The next morning, I find myself once again walking along Wandesford Quay, and on to Crosse’s Green following the curve of the River Lee. On the other side of the river stands the now derelict Beamish brewery. A wall of weathered brick and thick framed industrial windows. The pavement turns, and I’m walking towards two large white wooden gates set between high walls tagged with bold graffiti. This is Meitheal Mara.
Walking into the yard I’m greeted by friends who treat my arrival in a warm, casual way that I feel I’ve only been away for a few days, and not almost a year. Tea is made, and we all start the day’s work. This is the Meitheal Mara way.
Seamus pulls back the tarpaulin from a shape in one corner of the yard and reveals the roughed-out hulk I last saw submerged in an icy lake in Bray. The oak timber, once a fresh straw colour, is now grey green. Looking over the boat I see that no new splits have appeared. Even the heart wood looks tight, this being an area prone to radiating cracks. A few strikes with my adze show that the wood is still soft and easy to work. The technique of stabilising timber by submerging, as used in the past, appears to be very effective.
Slimy, green algae coats the boats surface from its time laying on the pond bed. This must first be scraped away with the edge of an axe so my pencil can mark out the shapes to be carved. The bulk of the work for this week will be to remove as much of the vessel’s interior as possible. For this task I would be relying on an angle grinder and my large shipbuilder’s adze, with its four-inch-wide blade.
I take up position at one end of the boat, feet placed on the sides, and work backwards. The oak timber is tough as would be expected, however it yields under the adze blows. As I edge down the boat, I start to find my rhythm, and best cutting angle of the tool. Then, a missed place strike, on the algae slick timber, sends the adze blade off target, and into the side of my boot. I press my fingers on the leather to see the damage to my boot. As I do this, blood oozes from the neat gash, and I become aware of a numbing pain. Hobbling into the workshop I seek out Seamus. I’m taken into the sail room where my wound is cleaned and dressed. Then Brendan, from the yard, takes me to A&E for an x-ray, stitches and a tetanus jab. A lack of concentration, or luck, has cost us a day’s work.
After spending the rest of the previous day in my hotel, with my bandaged foot propped up, I wake eager to get back to work. The project we have undertaken is ambitious, and the time I have here is too precious to squander. So, I start the day as I will for the rest of the week, cleaning and redressing my wounded foot, then gingerly squeezing it into a work boot still damp with blood. I’m acutely aware of the pitiful figure I strike as I hobble, on crutches, into Meitheal Mara on that first morning after my accident. As to be expected, there is a fair amount of well-deserved teasing from the boat builders. However, this is more than matched by genuine concern and sympathy from everyone.
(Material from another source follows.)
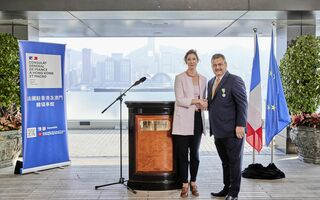 Der Group Executive Chef der «The Peninsula»-Hotels Florian Trento tritt zurück. Im Bild nimmt er die Auszeichnung «Chevalier du Mérite Agricole» durch Christile Drulhe entgegen.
With a daily cocktail of coffee and painkillers the foot doesn’t bother me as I work. However, I find I must steel myself each time I take up the large adze. I’ve brought over an angle grinder which is fitted with the same carving disk I used on the Pallasboy vessel. It’s messy and noisy, yet very effective at removing large quantities of material. And it offers an opportunity to rest tired hands.
On dry timber the grinder is a pleasure to use, the tungsten tipped blade effortlessly carving deep gouges. The boat’s timber, saturated in brackish pond water, proves more of a challenge. The blade, tearing rather than cutting at the fibrous wood, throws up a dirty, damp clogging sawdust which clings to clothes, mask and grinder. Regular stops must be made to clear the hot machines air intakes, and wipe the moist sticky dust from my goggles.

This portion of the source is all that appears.